Network performance is pushing my 1GbE setup like the rest. Nothing to complain here really.
Software, Lighting and Special Features
MSI bundled the motherboard with some niceties including a USB stick for easier software and driver installation. Other motherboard vendors should follow suit. We even got double sided brush and a pair of screw drivers.
Can’t say anything about RGB lighting since I don’t believe this one comes with any – embedded. We have a 3-pin ARGB header though for good measure.
The MSI MEG Z590I Unify is a well measuring SFF motherboard. It is definitely among the best I have tested.
Of course, nothing is perfect and the Z590I Unify is no exception to this rule. The TPM header is located in a tight spot and the front panel audio performance is inferior to that of the rear. We also got a sandwich/double decker style M.2 slot design which is not ideal for higher end SSDs that comes with their own cooling solution.

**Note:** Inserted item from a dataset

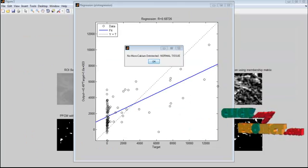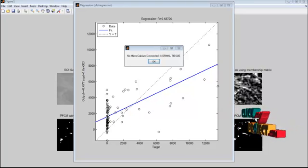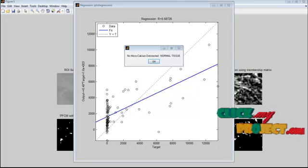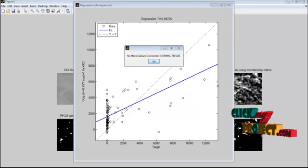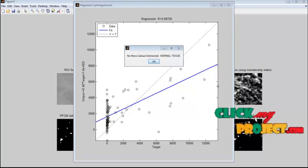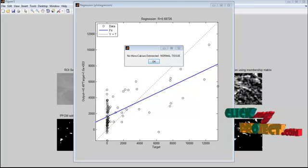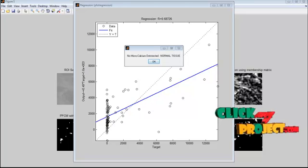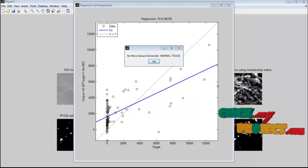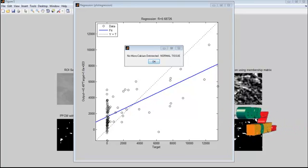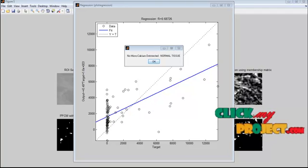This demo shows that our method automatically detects micro calcifications from the region of interest selected from digitized mammograms. According to the results obtained by applying our proposed method to these region of interest images, the implemented method can detect pixels corresponding to micro calcifications or healthy tissue, thus fulfilling the aim of this paper. Thank you.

I may be nitpicking here but those are just the downsides I could find within this board. Everything else is fantastic and with that said, I could happily recommend this Mini-ITX motherboard for those who got the budget to spare.
MSI MEG Z590I Unity
The MSI MEG Z590I Unify is one well-balanced high-end motherboard. It comes with everything you’d expect from a flagship model with a few extras here and there for good measure. A few hiccups could be seen but it wont stop me from recommending this one though. It’s that good.